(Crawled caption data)
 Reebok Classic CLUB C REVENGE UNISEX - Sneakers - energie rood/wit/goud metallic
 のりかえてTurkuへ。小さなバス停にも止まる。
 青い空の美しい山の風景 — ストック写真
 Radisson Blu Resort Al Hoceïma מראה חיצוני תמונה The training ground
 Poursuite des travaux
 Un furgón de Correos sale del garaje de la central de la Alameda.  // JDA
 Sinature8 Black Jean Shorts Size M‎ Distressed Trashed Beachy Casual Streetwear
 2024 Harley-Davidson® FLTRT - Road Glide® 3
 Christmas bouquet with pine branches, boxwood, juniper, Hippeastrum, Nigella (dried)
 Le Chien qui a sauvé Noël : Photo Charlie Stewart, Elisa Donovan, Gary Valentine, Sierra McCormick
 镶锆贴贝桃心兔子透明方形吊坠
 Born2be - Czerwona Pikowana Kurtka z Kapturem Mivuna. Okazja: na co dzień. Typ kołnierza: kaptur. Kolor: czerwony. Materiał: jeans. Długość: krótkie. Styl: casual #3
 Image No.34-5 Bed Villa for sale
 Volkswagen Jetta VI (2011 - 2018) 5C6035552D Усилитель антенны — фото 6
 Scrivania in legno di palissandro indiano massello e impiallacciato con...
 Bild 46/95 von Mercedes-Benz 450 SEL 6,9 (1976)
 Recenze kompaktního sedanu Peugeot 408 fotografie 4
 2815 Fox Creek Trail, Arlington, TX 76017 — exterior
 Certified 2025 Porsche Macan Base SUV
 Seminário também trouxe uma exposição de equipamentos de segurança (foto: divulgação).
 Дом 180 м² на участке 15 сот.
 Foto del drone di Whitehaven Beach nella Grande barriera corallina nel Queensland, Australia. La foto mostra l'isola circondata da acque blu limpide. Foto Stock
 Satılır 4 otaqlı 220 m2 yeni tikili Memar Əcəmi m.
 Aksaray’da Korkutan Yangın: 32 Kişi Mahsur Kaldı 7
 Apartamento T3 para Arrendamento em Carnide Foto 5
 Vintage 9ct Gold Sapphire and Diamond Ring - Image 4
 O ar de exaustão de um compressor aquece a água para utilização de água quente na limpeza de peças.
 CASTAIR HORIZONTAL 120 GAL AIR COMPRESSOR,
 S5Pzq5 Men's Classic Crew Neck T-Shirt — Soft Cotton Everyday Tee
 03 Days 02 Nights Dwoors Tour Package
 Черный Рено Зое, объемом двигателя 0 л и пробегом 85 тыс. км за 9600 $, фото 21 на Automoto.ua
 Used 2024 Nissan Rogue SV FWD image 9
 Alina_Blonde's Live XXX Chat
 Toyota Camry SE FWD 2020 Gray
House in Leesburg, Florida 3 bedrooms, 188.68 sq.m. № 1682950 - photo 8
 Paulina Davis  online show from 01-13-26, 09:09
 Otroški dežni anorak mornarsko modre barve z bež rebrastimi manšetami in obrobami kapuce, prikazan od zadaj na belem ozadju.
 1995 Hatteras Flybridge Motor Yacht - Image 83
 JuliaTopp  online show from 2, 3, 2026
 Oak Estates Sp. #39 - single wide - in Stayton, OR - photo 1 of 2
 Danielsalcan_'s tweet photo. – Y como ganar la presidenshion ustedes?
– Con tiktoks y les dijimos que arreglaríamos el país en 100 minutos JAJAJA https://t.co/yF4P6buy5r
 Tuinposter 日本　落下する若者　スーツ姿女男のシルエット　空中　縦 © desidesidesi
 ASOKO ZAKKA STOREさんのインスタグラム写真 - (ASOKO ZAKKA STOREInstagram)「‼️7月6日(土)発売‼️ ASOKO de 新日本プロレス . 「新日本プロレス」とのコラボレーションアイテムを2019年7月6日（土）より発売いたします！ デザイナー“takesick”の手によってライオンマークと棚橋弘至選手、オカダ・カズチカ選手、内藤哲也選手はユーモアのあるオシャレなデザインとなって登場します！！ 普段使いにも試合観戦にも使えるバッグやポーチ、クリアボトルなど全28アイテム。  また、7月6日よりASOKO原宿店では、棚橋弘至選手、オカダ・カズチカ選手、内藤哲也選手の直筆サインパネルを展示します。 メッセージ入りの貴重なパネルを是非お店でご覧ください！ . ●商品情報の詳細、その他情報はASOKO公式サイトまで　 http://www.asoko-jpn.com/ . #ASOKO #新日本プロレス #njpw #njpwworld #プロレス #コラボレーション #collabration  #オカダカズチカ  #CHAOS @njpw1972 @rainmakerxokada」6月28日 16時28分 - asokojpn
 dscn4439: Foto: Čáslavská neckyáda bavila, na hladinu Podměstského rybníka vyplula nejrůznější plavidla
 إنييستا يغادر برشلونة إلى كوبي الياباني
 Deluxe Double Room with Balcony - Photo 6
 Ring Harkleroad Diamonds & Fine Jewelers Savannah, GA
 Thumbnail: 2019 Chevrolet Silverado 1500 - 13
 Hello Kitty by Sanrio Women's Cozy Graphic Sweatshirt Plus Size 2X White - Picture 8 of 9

* **WORK INSTRUCTION**
Every line above must appear again in your reply, exactly as written.

* **SOLUTION TO THE EXERCISE**
 Reebok Classic CLUB C REVENGE UNISEX - Sneakers - energie rood/wit/goud metallic
 のりかえてTurkuへ。小さなバス停にも止まる。
 青い空の美しい山の風景 — ストック写真
 Radisson Blu Resort Al Hoceïma מראה חיצוני תמונה The training ground
 Poursuite des travaux
 Un furgón de Correos sale del garaje de la central de la Alameda.  // JDA
 Sinature8 Black Jean Shorts Size M‎ Distressed Trashed Beachy Casual Streetwear
 2024 Harley-Davidson® FLTRT - Road Glide® 3
 Christmas bouquet with pine branches, boxwood, juniper, Hippeastrum, Nigella (dried)
 Le Chien qui a sauvé Noël : Photo Charlie Stewart, Elisa Donovan, Gary Valentine, Sierra McCormick
 镶锆贴贝桃心兔子透明方形吊坠
 Born2be - Czerwona Pikowana Kurtka z Kapturem Mivuna. Okazja: na co dzień. Typ kołnierza: kaptur. Kolor: czerwony. Materiał: jeans. Długość: krótkie. Styl: casual #3
 Image No.34-5 Bed Villa for sale
 Volkswagen Jetta VI (2011 - 2018) 5C6035552D Усилитель антенны — фото 6
 Scrivania in legno di palissandro indiano massello e impiallacciato con...
 Bild 46/95 von Mercedes-Benz 450 SEL 6,9 (1976)
 Recenze kompaktního sedanu Peugeot 408 fotografie 4
 2815 Fox Creek Trail, Arlington, TX 76017 — exterior
 Certified 2025 Porsche Macan Base SUV
 Seminário também trouxe uma exposição de equipamentos de segurança (foto: divulgação).
 Дом 180 м² на участке 15 сот.
 Foto del drone di Whitehaven Beach nella Grande barriera corallina nel Queensland, Australia. La foto mostra l'isola circondata da acque blu limpide. Foto Stock
 Satılır 4 otaqlı 220 m2 yeni tikili Memar Əcəmi m.
 Aksaray’da Korkutan Yangın: 32 Kişi Mahsur Kaldı 7
 Apartamento T3 para Arrendamento em Carnide Foto 5
 Vintage 9ct Gold Sapphire and Diamond Ring - Image 4
 O ar de exaustão de um compressor aquece a água para utilização de água quente na limpeza de peças.
 CASTAIR HORIZONTAL 120 GAL AIR COMPRESSOR,
 S5Pzq5 Men's Classic Crew Neck T-Shirt — Soft Cotton Everyday Tee
 03 Days 02 Nights Dwoors Tour Package
 Черный Рено Зое, объемом двигателя 0 л и пробегом 85 тыс. км за 9600 $, фото 21 на Automoto.ua
 Used 2024 Nissan Rogue SV FWD image 9
 Alina_Blonde's Live XXX Chat
 Toyota Camry SE FWD 2020 Gray
House in Leesburg, Florida 3 bedrooms, 188.68 sq.m. № 1682950 - photo 8
 Paulina Davis  online show from 01-13-26, 09:09
 Otroški dežni anorak mornarsko modre barve z bež rebrastimi manšetami in obrobami kapuce, prikazan od zadaj na belem ozadju.
 1995 Hatteras Flybridge Motor Yacht - Image 83
 JuliaTopp  online show from 2, 3, 2026
 Oak Estates Sp. #39 - single wide - in Stayton, OR - photo 1 of 2
 Danielsalcan_'s tweet photo. – Y como ganar la presidenshion ustedes?
– Con tiktoks y les dijimos que arreglaríamos el país en 100 minutos JAJAJA https://t.co/yF4P6buy5r
 Tuinposter 日本　落下する若者　スーツ姿女男のシルエット　空中　縦 © desidesidesi
 ASOKO ZAKKA STOREさんのインスタグラム写真 - (ASOKO ZAKKA STOREInstagram)「‼️7月6日(土)発売‼️ ASOKO de 新日本プロレス . 「新日本プロレス」とのコラボレーションアイテムを2019年7月6日（土）より発売いたします！ デザイナー“takesick”の手によってライオンマークと棚橋弘至選手、オカダ・カズチカ選手、内藤哲也選手はユーモアのあるオシャレなデザインとなって登場します！！ 普段使いにも試合観戦にも使えるバッグやポーチ、クリアボトルなど全28アイテム。  また、7月6日よりASOKO原宿店では、棚橋弘至選手、オカダ・カズチカ選手、内藤哲也選手の直筆サインパネルを展示します。 メッセージ入りの貴重なパネルを是非お店でご覧ください！ . ●商品情報の詳細、その他情報はASOKO公式サイトまで　 http://www.asoko-jpn.com/ . #ASOKO #新日本プロレス #njpw #njpwworld #プロレス #コラボレーション #collabration  #オカダカズチカ  #CHAOS @njpw1972 @rainmakerxokada」6月28日 16時28分 - asokojpn
 dscn4439: Foto: Čáslavská neckyáda bavila, na hladinu Podměstského rybníka vyplula nejrůznější plavidla
 إنييستا يغادر برشلونة إلى كوبي الياباني
 Deluxe Double Room with Balcony - Photo 6
 Ring Harkleroad Diamonds & Fine Jewelers Savannah, GA
 Thumbnail: 2019 Chevrolet Silverado 1500 - 13
 Hello Kitty by Sanrio Women's Cozy Graphic Sweatshirt Plus Size 2X White - Picture 8 of 9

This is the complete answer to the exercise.